I think it's essential long-term to reduce the number of gas-guzzlers coming into the country now. Those cars – the majority of those are not used on farms (Toyota Hilux and Ford Ranger have the highest sales in NZ) – will be on the road for the next 15 to 20 years. Same with busses: Wellington Council should have been forced to replace the trolley buses with fully electrical ones. Instead we got more polluting (incl. noise as a form of pollution) ones, that will be around for a long, long time.
By all means tax townies lux's, and the more intelligent tradies I know use Van's, they are a far better fit for their type of cargo.
But until there is a selection of ev Utes with 500 is of distance and towing power , remove it from rural utes.

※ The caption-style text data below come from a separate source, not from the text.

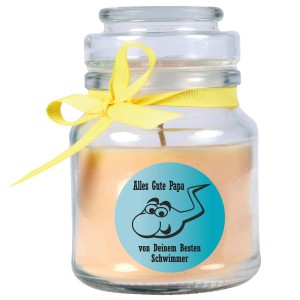 Gelbe Duftkerze im Glas mit Schleife und "Alles Gute Papa" Aufdruck, Vatertagsgeschenk.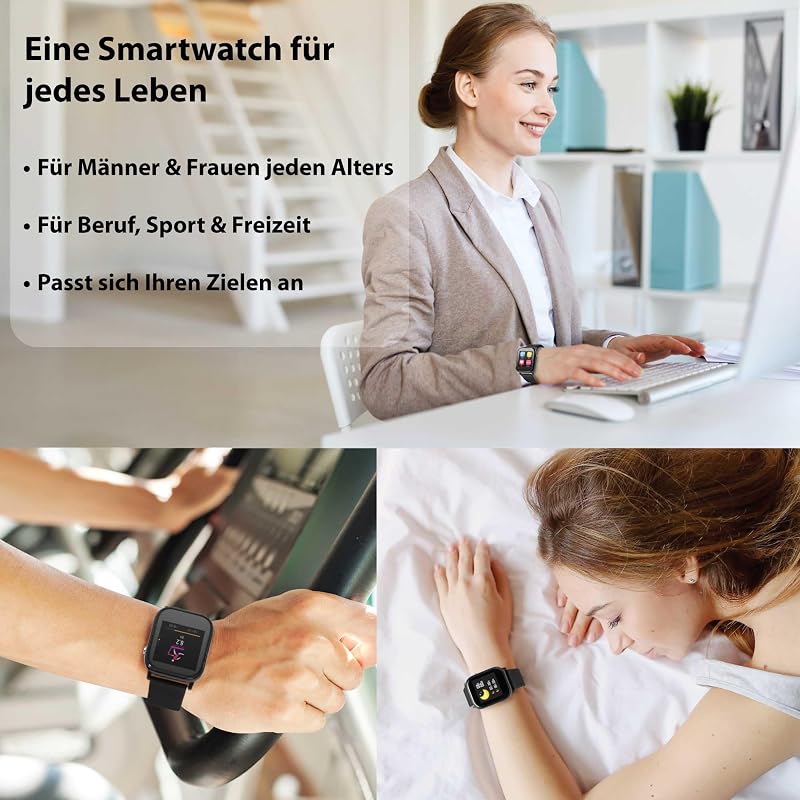 Smartwatch mit Temperatur- & Herzfrequenzmesser – 1,4" Farbdisplay – Fitness Tracker mit Schritte, Distanz, Kalorien, Schlaf, Sportmodi, Benachrichtigungen, Anti-Lost, 5 Tage Akku - TX-SW6HR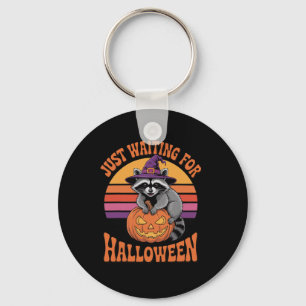 Gerade für Halloween Raccoon Pumpkin Hexe H Gewart Schlüsselanhänger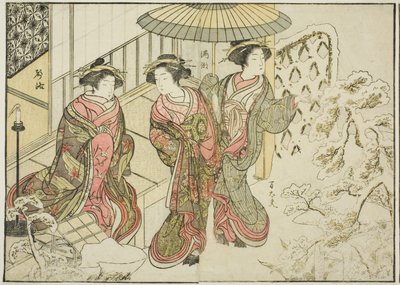 Kurtyzany Nakaomiya, z książki „Zwierciadło pięknych kobiet z dzielnic przyjemności (Seiro bijin awase sugata kagami),” tom. 2 autorstwa Katsukawa Shunsho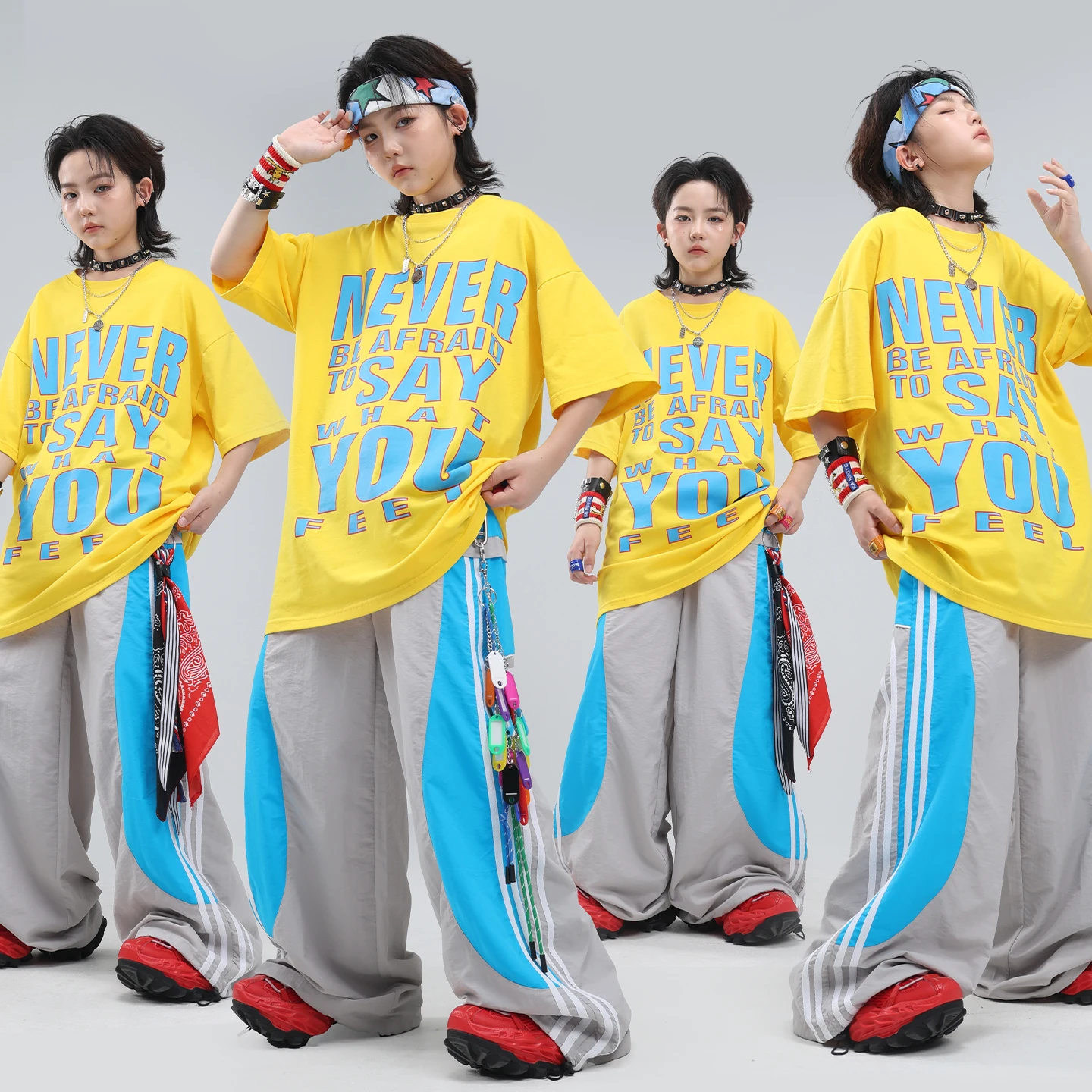 Kids Hip Hop Dance Outfits Yellow T-Shirt Contrast Pants Loose Streetwear for Boys Girls Hip-hop Jazz Stage Performance Costumes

what size ranch do you have that needs a 500 k range? our farm vehicles (utes and four wheelers) hardly ever do more that 80-100 k a day, and thats going between five different farmblocks and moving stock twice a day(currently doing that and grazing drycows). electric would suit us perfectly.as for towing power, electrics have unbeatable torque figures ,so towing is fine.
A gisborne coast farmer going to the sale in Napier would chew some ks in a day I expect. Pulling a 3 tonne trailer loaded up would take some grunt dontya think.
Interesting point BW and I'm afraid I don't see farmers as the enemy. A lot of farming communities have been gutted by big biz buying up and forest planting or running industrial cow size cow farms.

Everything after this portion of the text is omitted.